Your assignment> Print out the data that follows exactly, character for character, apart from the pictures.

Scraped caption text data>
_ _ _ _ _
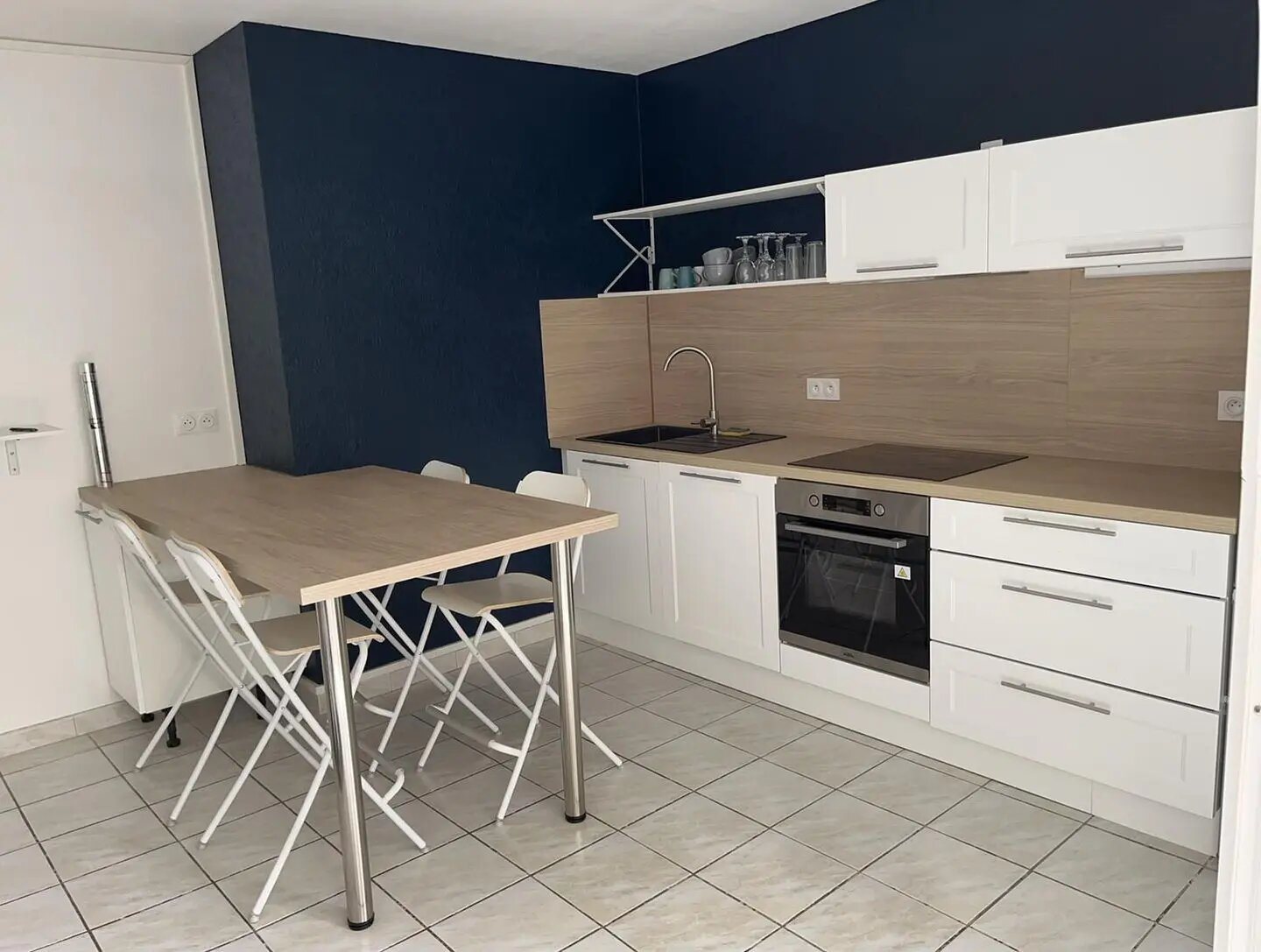 Appartement à louer, 55m², Dijon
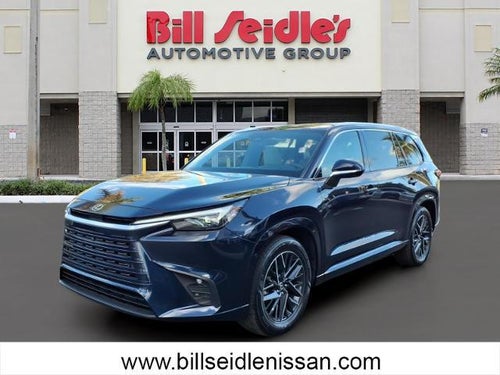 2024 Lexus TX 350 Luxury FWD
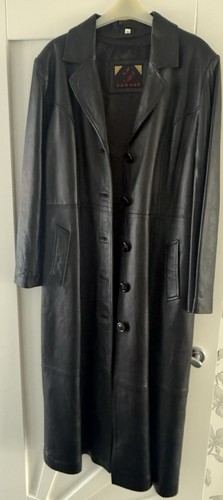 Ladies leather full length - full,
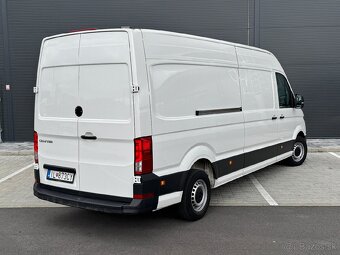 Volkswagen Crafter 2.0TDi L4H2 130kw-2019 - 8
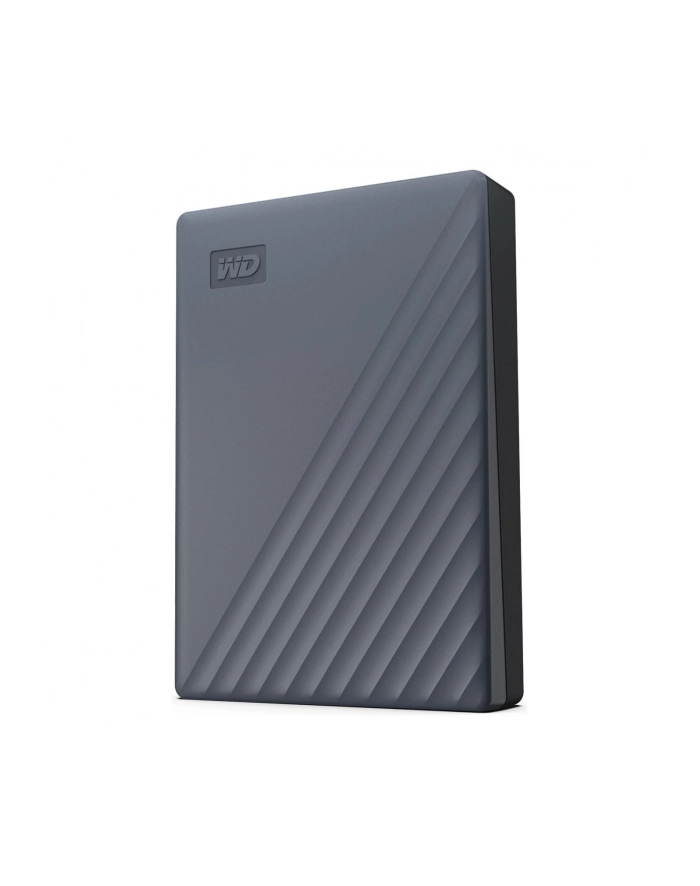 western digital WD HDex 2.5'' USB3 6TB My Passport Silicon Gray USB 3.0, USB-C główny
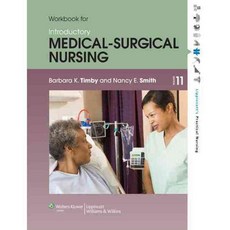Introductory Medical-Surgical Nursing, Lippincott Williams & Wilkins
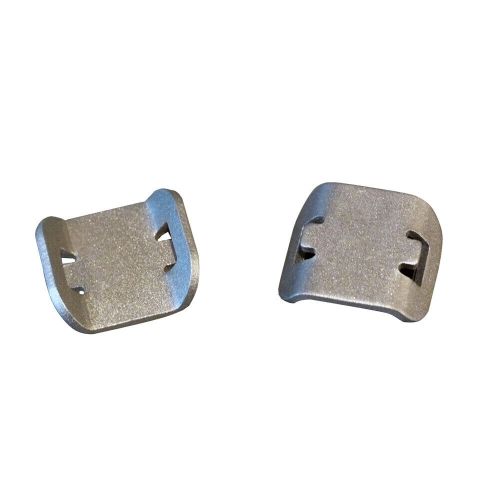 Weld mount at-9 aluminum wire tie mount qty 25 809025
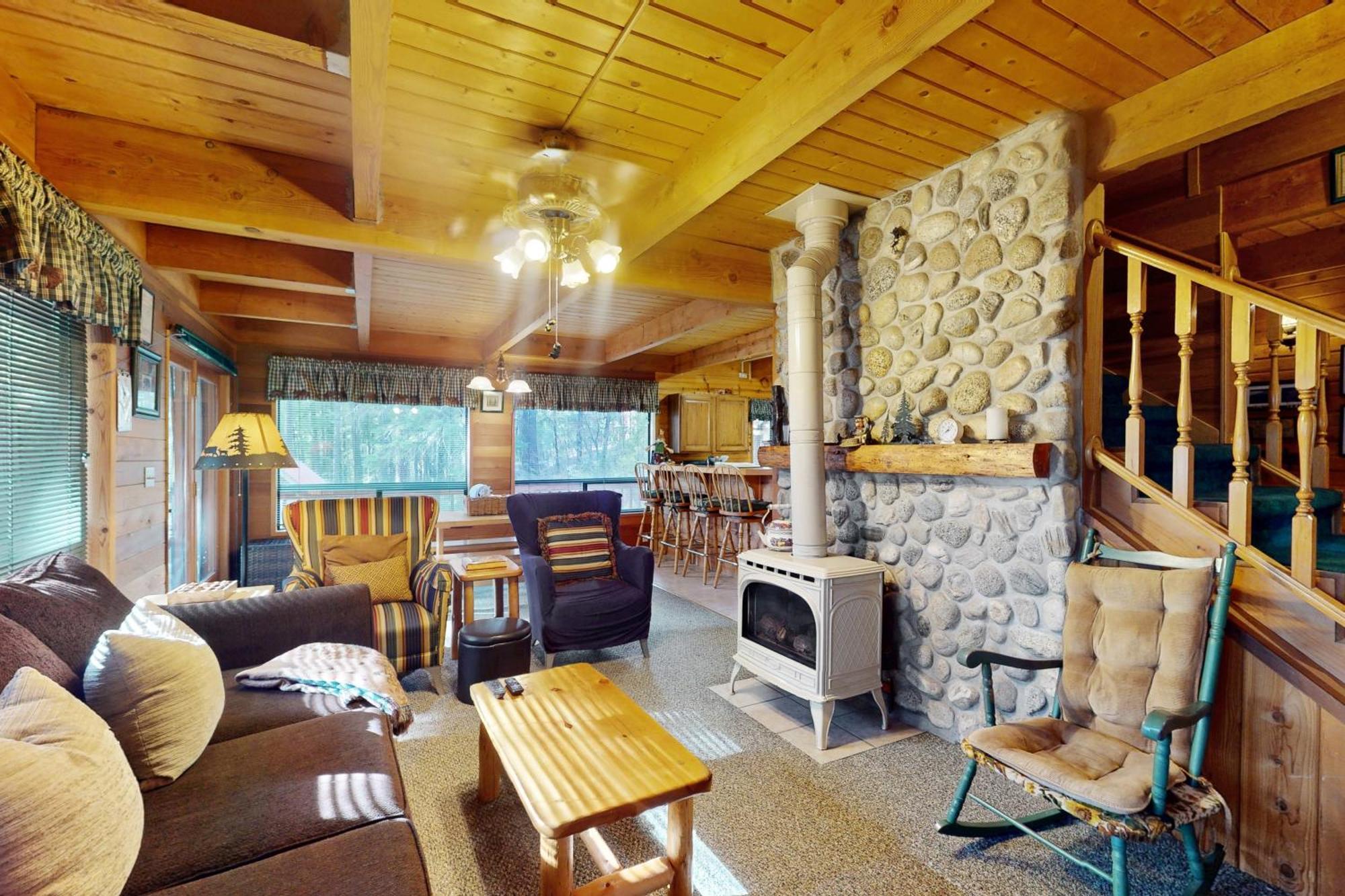 Keoni'S Place Leavenworth Exterior photo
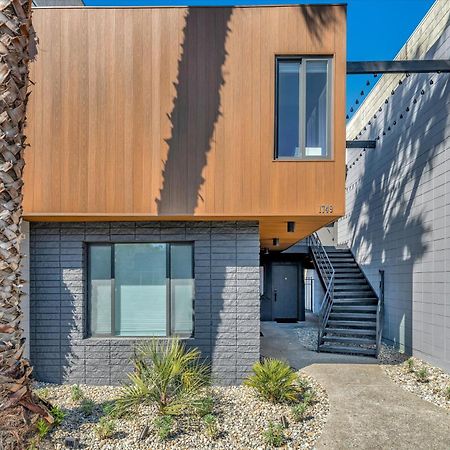 Silicon Valley Stay Apartments Сан-Карлос Экстерьер фото
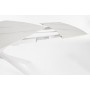 TABLE EXTENSIBLE JOAKIM BLANC 160-240X90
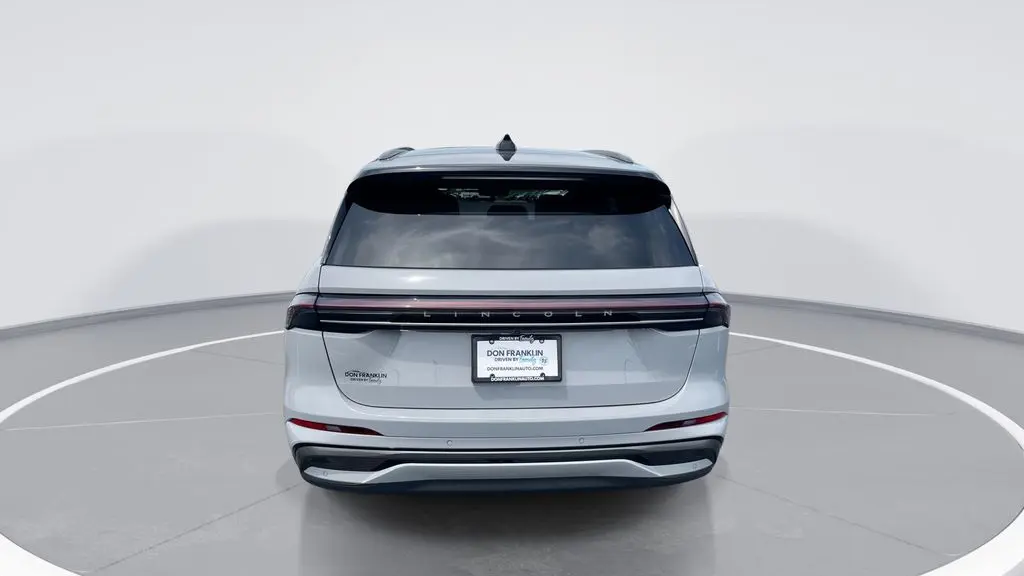 2026 Lincoln Nautilus Black Label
_ _ _ _ _
Worked solution>
 Appartement à louer, 55m², Dijon
 2024 Lexus TX 350 Luxury FWD
 Ladies leather full length - full,
 Volkswagen Crafter 2.0TDi L4H2 130kw-2019 - 8
 western digital WD HDex 2.5'' USB3 6TB My Passport Silicon Gray USB 3.0, USB-C główny
Introductory Medical-Surgical Nursing, Lippincott Williams & Wilkins
 Weld mount at-9 aluminum wire tie mount qty 25 809025
 Keoni'S Place Leavenworth Exterior photo
 Silicon Valley Stay Apartments Сан-Карлос Экстерьер фото
 TABLE EXTENSIBLE JOAKIM BLANC 160-240X90
 2026 Lincoln Nautilus Black Label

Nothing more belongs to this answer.